Rest up for Foo Fest! For twelve hours on Saturday, August 11th, listen to live music on indoor and outdoor stages on Empire Street! Tickets are just $7 for the festival, which runs from 1 PM to 1 AM and also features interactive art installations, kids’ activities, and delicious eats from AS220 Foo(d), The Bar at AS220, Julian’s and Like No Udder.
Two dozen musical acts will perform, with Big Freedia and The Divas headlining. Big Freedia is the undisputed “Queen Diva” of Bounce Music, an original urban music genre rising up from the challenging yet fun-loving nature of the New Orleans housing projects which dominate the city’s street culture.
Other musical acts include AS220 Youth Zuology, Boo City, Dead Air, Dirty Durdie with DJ Kellan & D-Napp, Humanbeast, Meager Sunlight, Ravi Shavi, Sandworm, Songs, Symmetry, The Famous Winters, The Sugar Honey Iced Tea and Trip Dicks. You can also check out performances and installations by the Strange Attractor Theatre Co.; comedy by Randy Bush, Tim Vargulish, Jenny Zigrino & Rob Crean; China Blue (with Firefly Projects); Tom West & The Providence Artist Campaign Candidates; and printmaker Dennis Mcnett (Wolfbat Studios), AS220’s Visiting Artist-in-Residence.

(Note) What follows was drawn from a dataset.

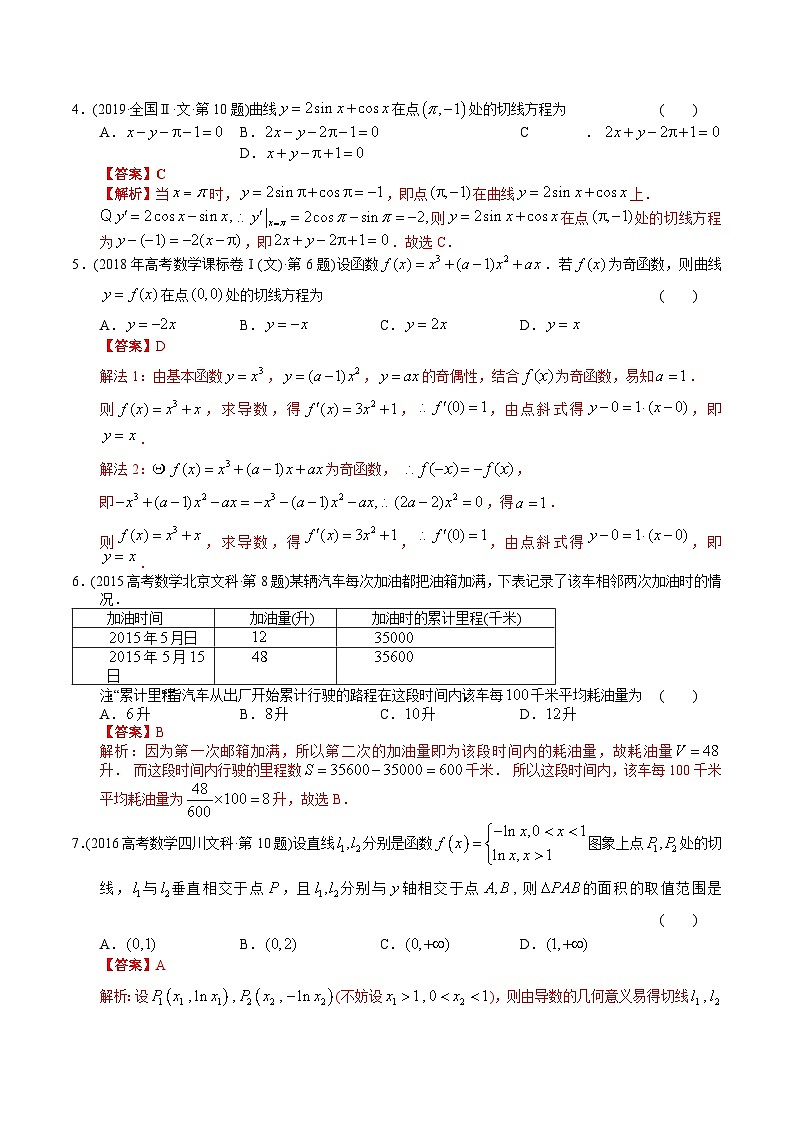 十年（2014-2023）高考数学真题分项汇编（全国通用）03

2012 Free Culture Award Honorees Joan Wyand and Guillermo Gomez Pena will accept their awards on the main stage at the festival. Wyand will install a fabric-based piece called ‘Hurray for Foo Thousand Twelve,’ a quilted shade mural with ceramic elements in the second story windows of 95 Empire, while Gomez Pena just completed a large scale black-and-white mural on the back of AS220’s 95-115 Empire Street complex. (Read the complete text here). Together, they will release their collaborative artifact, the Nostagia box, which includes a series of 10 full color screen print figures portraying radical personas and a corresponding set of postcards that highlight moments from their performance histories.
The Free Culture Award is given every two years to artists whose work has made a significant contribution to grassroots, participatory culture and freedom of expression, and whose art and/or process embodies AS220’s unjuried, uncensored mission. Shepard Fairey, who designed AS220’s first Downcity mural on the northwest side of the Pell Chafee Performance Center, received the first award in 2010.